**DATASET EXTRACT:**
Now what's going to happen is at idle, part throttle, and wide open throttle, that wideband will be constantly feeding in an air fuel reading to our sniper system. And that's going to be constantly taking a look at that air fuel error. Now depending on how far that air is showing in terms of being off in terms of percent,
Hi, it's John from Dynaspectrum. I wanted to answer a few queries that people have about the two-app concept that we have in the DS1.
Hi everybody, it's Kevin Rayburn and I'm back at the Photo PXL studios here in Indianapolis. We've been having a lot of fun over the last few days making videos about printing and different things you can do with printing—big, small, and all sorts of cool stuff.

--

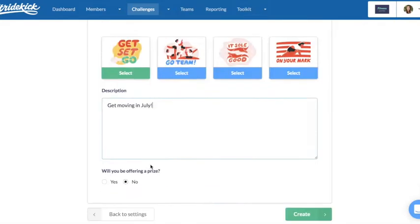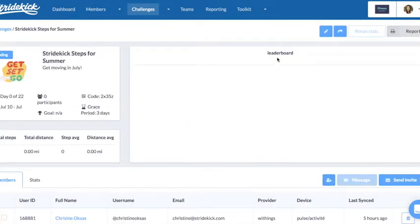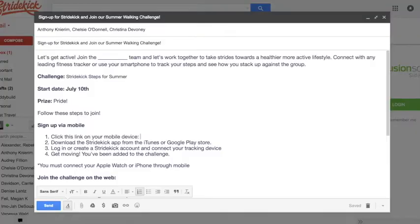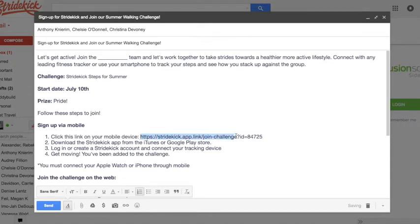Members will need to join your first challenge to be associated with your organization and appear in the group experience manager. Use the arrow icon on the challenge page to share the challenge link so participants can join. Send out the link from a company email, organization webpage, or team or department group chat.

**WHAT THE TASK ASKS:** Please give back exactly the lines of the listing above that run from the one containing "Now what's going" through the one containing "Hi everybody, it's", and only those.

**REPLY:**
Now what's going to happen is at idle, part throttle, and wide open throttle, that wideband will be constantly feeding in an air fuel reading to our sniper system. And that's going to be constantly taking a look at that air fuel error. Now depending on how far that air is showing in terms of being off in terms of percent,
Hi, it's John from Dynaspectrum. I wanted to answer a few queries that people have about the two-app concept that we have in the DS1.
Hi everybody, it's Kevin Rayburn and I'm back at the Photo PXL studios here in Indianapolis. We've been having a lot of fun over the last few days making videos about printing and different things you can do with printing—big, small, and all sorts of cool stuff.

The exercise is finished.